Vu le bonhomme, il trouvera certainement les moyens de rester engagé dans les actions et dynamiques qu'il a entreprises. Je ne vois pas bien comment cela pourrait blesser d'autres prêtres, si c'est cela dont il est question : en reprenant ton parallèle avec le mariage, quand on est marié, on n'est pas frustré par le fait que certains osent divorcer en se disant que la valeur de notre fidélité est bien mal payée... ça me ferait honte d'être mariée, si le mariage pouvait encore impliquer cela. Je ne vois pas bien comment s'obliger à obéir à un choix qui nierait ce que nous sommes devenus pourrait être considéré comme une fidélité à un engagement pris dans et pour la joie de Dieu : la fidélité à l'autre ne saurait se faire au mépris du respect de soi.

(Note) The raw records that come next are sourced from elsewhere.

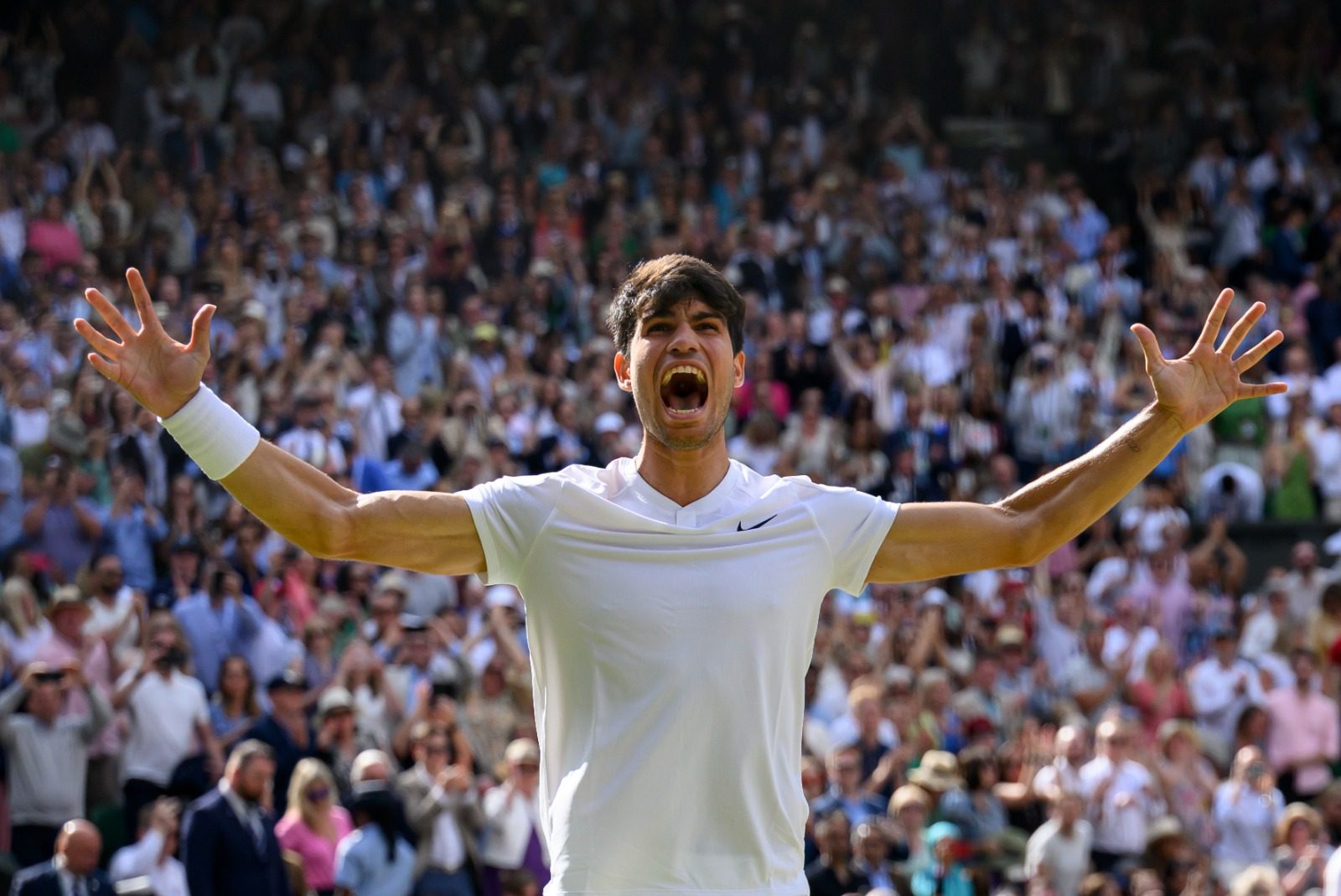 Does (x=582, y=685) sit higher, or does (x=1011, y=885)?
(x=582, y=685)

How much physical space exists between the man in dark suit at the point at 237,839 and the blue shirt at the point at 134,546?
9.54ft

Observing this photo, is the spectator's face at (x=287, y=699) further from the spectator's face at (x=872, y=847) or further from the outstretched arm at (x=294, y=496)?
the outstretched arm at (x=294, y=496)

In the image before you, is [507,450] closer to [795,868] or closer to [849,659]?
[849,659]

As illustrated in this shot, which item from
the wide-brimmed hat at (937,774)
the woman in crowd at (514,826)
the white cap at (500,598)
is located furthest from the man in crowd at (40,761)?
the wide-brimmed hat at (937,774)

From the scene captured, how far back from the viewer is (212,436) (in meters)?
3.54

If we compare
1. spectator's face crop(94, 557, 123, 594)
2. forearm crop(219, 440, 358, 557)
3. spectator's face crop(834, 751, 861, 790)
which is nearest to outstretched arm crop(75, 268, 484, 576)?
forearm crop(219, 440, 358, 557)

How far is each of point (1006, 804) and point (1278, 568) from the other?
15.7ft

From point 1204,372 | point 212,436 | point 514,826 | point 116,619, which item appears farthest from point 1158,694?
point 212,436

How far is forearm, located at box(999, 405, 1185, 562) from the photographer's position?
383 cm

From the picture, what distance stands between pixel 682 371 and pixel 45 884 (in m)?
6.01

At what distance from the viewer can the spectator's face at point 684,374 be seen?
370 cm

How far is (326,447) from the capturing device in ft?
42.7

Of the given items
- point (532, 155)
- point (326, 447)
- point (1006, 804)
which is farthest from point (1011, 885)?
point (532, 155)

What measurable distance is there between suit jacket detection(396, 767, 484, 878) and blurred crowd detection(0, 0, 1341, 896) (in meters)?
0.03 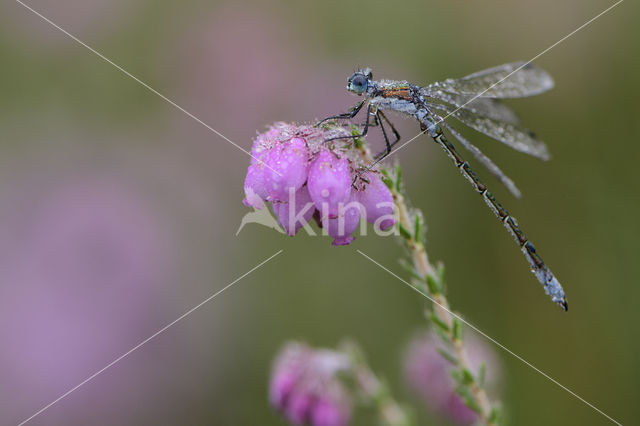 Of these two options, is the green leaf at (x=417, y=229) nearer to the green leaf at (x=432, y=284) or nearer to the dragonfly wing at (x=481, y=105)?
the green leaf at (x=432, y=284)

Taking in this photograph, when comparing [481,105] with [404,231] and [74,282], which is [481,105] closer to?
[404,231]

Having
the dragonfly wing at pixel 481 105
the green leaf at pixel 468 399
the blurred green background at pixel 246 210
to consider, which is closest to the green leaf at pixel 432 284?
the green leaf at pixel 468 399

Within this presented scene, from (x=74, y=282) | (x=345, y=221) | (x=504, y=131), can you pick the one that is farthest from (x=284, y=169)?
(x=74, y=282)

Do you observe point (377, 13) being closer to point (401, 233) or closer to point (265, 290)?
point (265, 290)

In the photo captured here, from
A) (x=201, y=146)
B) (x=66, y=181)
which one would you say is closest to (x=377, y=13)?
(x=201, y=146)

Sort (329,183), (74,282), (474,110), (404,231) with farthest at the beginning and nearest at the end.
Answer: (74,282) < (474,110) < (404,231) < (329,183)

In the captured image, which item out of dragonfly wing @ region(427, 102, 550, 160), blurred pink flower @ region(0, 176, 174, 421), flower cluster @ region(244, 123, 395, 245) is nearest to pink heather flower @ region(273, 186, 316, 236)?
flower cluster @ region(244, 123, 395, 245)
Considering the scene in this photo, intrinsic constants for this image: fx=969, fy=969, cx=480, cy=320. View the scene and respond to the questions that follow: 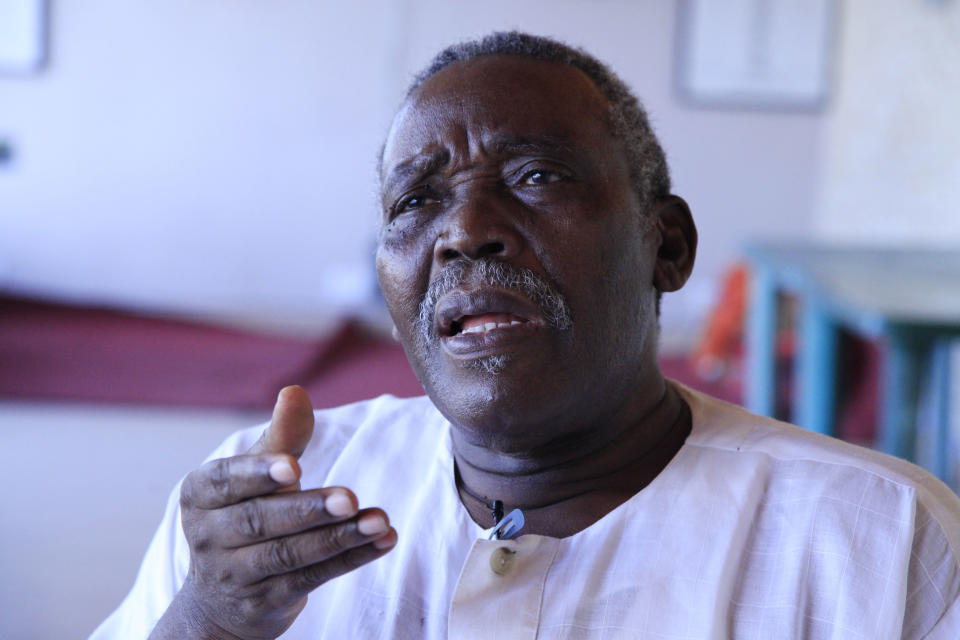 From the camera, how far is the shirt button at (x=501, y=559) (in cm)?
102

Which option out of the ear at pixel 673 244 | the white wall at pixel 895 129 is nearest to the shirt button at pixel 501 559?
the ear at pixel 673 244

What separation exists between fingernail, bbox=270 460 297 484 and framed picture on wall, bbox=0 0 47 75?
4877 millimetres

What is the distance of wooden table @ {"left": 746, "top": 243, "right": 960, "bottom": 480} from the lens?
Answer: 1.60 meters

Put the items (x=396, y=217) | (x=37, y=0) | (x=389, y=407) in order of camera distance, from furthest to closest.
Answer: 1. (x=37, y=0)
2. (x=389, y=407)
3. (x=396, y=217)

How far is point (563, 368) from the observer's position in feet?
3.43

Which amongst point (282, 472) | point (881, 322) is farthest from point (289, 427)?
point (881, 322)

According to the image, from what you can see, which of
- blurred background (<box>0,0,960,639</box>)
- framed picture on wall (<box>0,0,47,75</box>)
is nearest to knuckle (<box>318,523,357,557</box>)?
A: blurred background (<box>0,0,960,639</box>)

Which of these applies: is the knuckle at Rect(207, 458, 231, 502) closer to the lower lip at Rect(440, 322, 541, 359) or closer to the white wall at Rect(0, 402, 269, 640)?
the lower lip at Rect(440, 322, 541, 359)

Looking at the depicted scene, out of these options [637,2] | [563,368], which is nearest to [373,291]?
[637,2]

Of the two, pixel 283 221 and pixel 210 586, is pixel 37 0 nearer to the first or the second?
pixel 283 221

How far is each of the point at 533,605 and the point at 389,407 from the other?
1.42ft

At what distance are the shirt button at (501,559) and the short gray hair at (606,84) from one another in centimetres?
45

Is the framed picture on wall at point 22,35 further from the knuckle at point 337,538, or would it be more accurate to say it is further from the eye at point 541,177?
the knuckle at point 337,538

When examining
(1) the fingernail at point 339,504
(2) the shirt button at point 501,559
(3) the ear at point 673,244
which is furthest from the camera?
(3) the ear at point 673,244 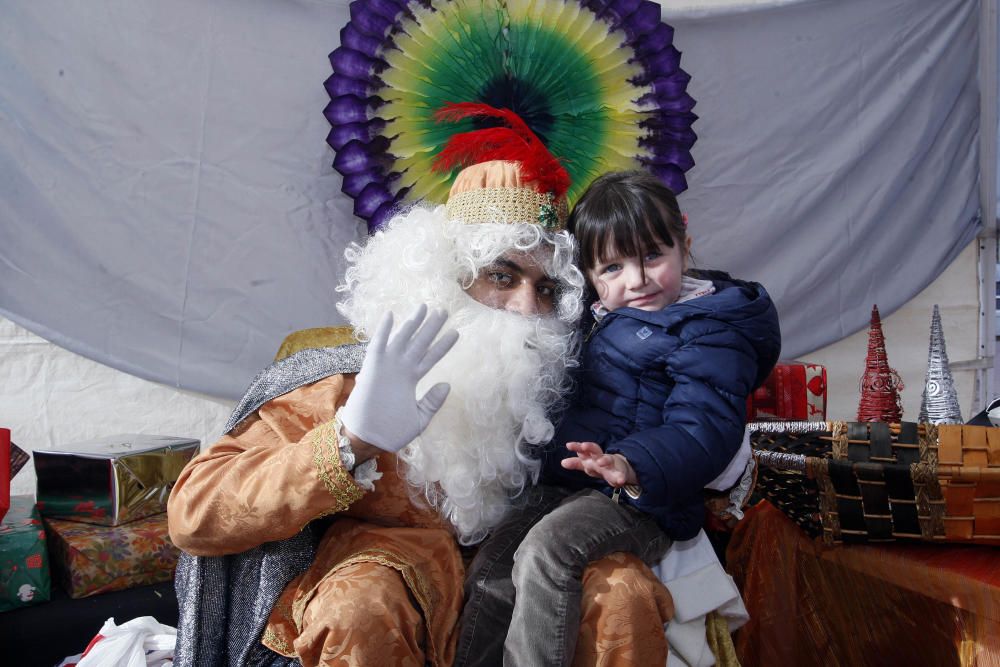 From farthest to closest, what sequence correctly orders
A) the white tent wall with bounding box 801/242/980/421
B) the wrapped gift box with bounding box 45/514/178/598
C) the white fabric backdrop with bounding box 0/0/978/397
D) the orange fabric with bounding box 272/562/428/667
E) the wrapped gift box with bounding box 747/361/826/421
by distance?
the white tent wall with bounding box 801/242/980/421, the wrapped gift box with bounding box 747/361/826/421, the white fabric backdrop with bounding box 0/0/978/397, the wrapped gift box with bounding box 45/514/178/598, the orange fabric with bounding box 272/562/428/667

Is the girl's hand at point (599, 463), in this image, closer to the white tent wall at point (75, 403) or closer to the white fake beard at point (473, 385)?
the white fake beard at point (473, 385)

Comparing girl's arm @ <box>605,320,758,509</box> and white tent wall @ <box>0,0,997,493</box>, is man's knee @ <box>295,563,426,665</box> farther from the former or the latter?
white tent wall @ <box>0,0,997,493</box>

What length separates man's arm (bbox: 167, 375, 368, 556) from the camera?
4.51 ft

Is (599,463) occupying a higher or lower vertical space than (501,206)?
lower

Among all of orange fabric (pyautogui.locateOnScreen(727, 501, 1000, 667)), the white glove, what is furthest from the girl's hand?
orange fabric (pyautogui.locateOnScreen(727, 501, 1000, 667))

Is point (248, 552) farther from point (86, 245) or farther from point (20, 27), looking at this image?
point (20, 27)

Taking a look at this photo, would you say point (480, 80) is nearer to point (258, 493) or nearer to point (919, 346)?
point (258, 493)

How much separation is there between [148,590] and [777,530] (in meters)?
1.58

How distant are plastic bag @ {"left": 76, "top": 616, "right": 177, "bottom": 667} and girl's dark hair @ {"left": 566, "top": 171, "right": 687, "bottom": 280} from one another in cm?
128

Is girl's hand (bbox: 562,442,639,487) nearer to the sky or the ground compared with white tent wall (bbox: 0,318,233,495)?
nearer to the ground

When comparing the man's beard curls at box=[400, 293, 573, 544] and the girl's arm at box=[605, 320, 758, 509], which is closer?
the girl's arm at box=[605, 320, 758, 509]

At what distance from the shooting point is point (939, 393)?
2.29 metres

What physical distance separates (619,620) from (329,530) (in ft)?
2.00

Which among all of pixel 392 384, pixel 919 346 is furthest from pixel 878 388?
pixel 392 384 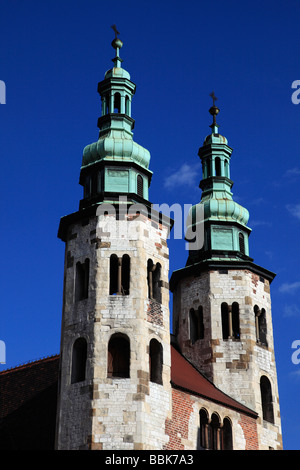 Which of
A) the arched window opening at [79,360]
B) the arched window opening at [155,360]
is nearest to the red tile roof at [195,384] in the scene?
the arched window opening at [155,360]

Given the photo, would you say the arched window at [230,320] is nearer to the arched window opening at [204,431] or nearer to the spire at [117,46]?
the arched window opening at [204,431]

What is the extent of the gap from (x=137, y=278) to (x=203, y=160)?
45.8 feet

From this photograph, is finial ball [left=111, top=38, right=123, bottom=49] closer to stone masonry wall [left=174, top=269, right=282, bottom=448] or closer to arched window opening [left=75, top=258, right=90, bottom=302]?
stone masonry wall [left=174, top=269, right=282, bottom=448]

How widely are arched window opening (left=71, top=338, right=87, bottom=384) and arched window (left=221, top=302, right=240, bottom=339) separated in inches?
363

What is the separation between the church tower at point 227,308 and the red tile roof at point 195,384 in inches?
19.2

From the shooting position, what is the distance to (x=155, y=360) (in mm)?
34344

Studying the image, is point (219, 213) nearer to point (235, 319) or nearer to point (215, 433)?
point (235, 319)

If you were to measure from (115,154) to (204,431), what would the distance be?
12368mm

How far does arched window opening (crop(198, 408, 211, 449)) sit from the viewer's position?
35.2 meters

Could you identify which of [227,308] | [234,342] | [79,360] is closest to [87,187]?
[79,360]

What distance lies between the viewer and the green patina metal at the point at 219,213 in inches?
1693

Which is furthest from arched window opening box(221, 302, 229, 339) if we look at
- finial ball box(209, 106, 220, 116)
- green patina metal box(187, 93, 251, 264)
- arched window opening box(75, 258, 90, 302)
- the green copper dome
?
finial ball box(209, 106, 220, 116) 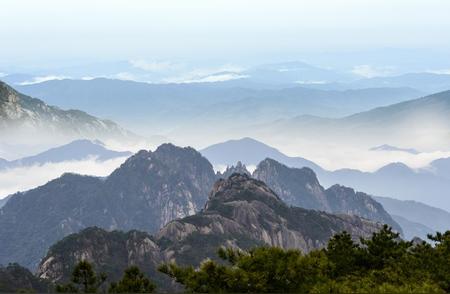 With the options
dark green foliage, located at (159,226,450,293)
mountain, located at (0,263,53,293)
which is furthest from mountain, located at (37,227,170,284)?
dark green foliage, located at (159,226,450,293)

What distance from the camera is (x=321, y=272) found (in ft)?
153

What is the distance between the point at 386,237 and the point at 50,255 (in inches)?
5913

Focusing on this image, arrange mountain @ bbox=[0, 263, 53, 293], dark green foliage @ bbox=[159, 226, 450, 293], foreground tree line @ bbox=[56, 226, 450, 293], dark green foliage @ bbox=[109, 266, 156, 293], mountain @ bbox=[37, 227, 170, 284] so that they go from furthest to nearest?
mountain @ bbox=[37, 227, 170, 284]
mountain @ bbox=[0, 263, 53, 293]
dark green foliage @ bbox=[109, 266, 156, 293]
dark green foliage @ bbox=[159, 226, 450, 293]
foreground tree line @ bbox=[56, 226, 450, 293]

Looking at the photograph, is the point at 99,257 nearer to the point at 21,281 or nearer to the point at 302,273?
the point at 21,281

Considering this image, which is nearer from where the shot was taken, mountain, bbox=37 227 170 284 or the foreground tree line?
the foreground tree line

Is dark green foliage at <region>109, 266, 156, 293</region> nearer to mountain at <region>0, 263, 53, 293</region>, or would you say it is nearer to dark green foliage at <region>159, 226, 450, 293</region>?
dark green foliage at <region>159, 226, 450, 293</region>

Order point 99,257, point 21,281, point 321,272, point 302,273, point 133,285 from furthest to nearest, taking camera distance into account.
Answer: point 99,257, point 21,281, point 133,285, point 321,272, point 302,273

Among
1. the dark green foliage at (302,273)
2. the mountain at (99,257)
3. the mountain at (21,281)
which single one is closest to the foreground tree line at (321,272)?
the dark green foliage at (302,273)

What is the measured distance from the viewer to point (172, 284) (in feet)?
574

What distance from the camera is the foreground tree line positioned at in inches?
1704

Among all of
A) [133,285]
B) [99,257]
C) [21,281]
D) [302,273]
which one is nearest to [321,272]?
[302,273]

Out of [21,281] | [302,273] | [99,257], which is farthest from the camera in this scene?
[99,257]

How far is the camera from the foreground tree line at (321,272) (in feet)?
142

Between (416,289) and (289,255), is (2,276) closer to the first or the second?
(289,255) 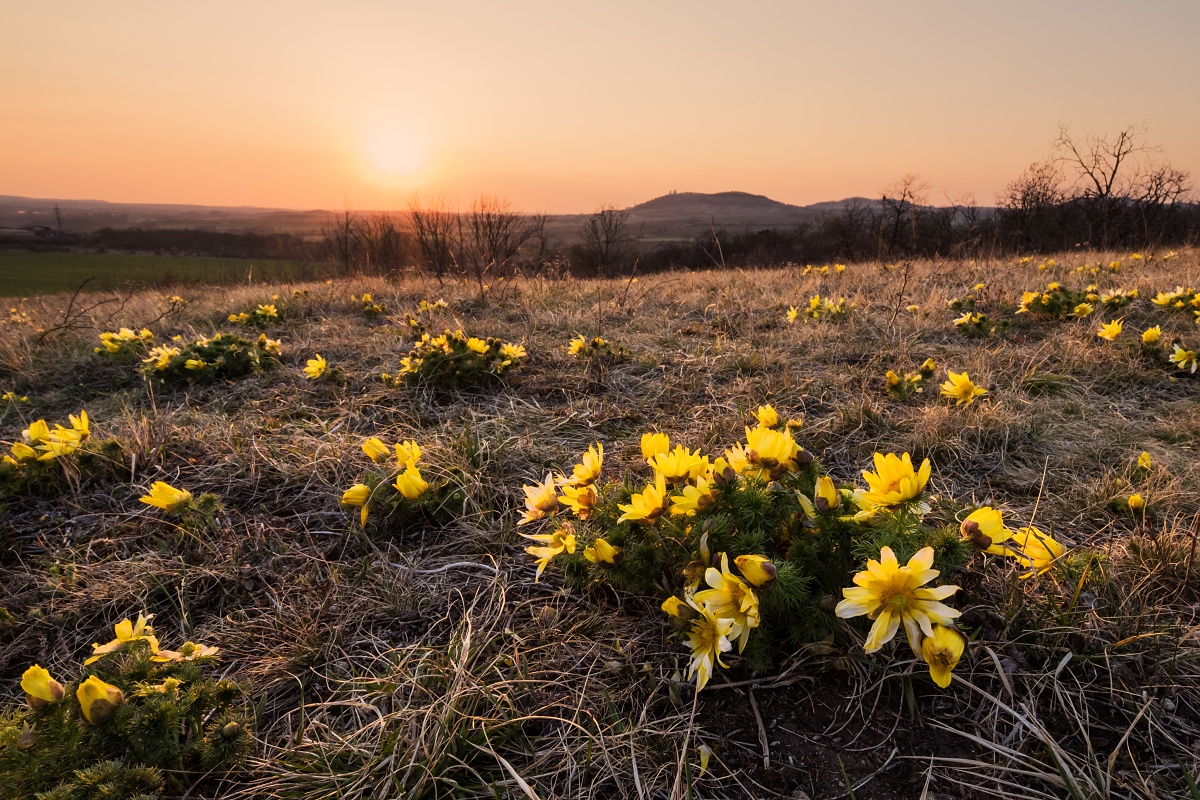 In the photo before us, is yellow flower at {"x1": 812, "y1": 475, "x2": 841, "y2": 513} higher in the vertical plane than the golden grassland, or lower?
higher

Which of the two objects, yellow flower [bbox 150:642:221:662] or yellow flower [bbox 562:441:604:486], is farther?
yellow flower [bbox 562:441:604:486]

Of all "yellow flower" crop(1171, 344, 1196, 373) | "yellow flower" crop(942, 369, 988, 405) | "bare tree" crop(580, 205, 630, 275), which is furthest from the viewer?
"bare tree" crop(580, 205, 630, 275)

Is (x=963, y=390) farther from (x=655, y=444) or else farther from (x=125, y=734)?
(x=125, y=734)

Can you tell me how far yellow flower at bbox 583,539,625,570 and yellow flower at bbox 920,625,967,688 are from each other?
2.49ft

Je salue l'humilité de cette décision qui traduit une vocation assumée dans la liberté et la reconnaissance de ses propres limites : au-lieu d'un engagement tenu formellement pour le principe, qui abrutirait la personne pour la rendre maîtrisable, 100% garanti sans faille et 100% disponible pour l'institution, c'est la valeur de la vie et de la personne humaine dans son aspiration légitime à goûter la joie du Seigneur qui est ici respectée. Ce choix me paraît aussi très moral dans la mesure où il prémunit au passage les paroissiens des conséquences au mieux fâcheuses, au pire dramatiques, que pourrait avoir une vocation mal vécue. Voir un prêtre capable de cela me donne confiance, pas seulement en lui mais aussi dans les autres prêtres, libres de leur choix. Au contraire ça ne me donnerait pas envie d'aller à la messe si le prêtre qui la célébrait était intrinsèquement malheureux de son état : je n'aime pas les sacrifices qu'on peut éviter, et je ne voudrais pas profiter d'un tel sacrifice à mon insu. @+

6. Le vendredi, février 24 2017, 18:44 par Zabou

@L., rapidement : En réalité, tu abordes différents points connexes dans ton commentaire et du coup, ce serait un peu long de répondre à tout mais, sur le sens que je donne à l'expression que j'ai écrite c'est que, quand il y a brisure quelque part, il y a toujours douleur et blessure autour... Ce n'est pas tant les autres couples dans l'absolu que le couple marié qui divorce "blessera" que les proches, par dommages collatéraux (famille et amis) : ils respecteront, par amour, mais il y a toujours quelque chose qui fait mal. Ce que je pointais est quelque chose du même ordre : la communauté de cette paroisse doit avoir mal, elle aussi.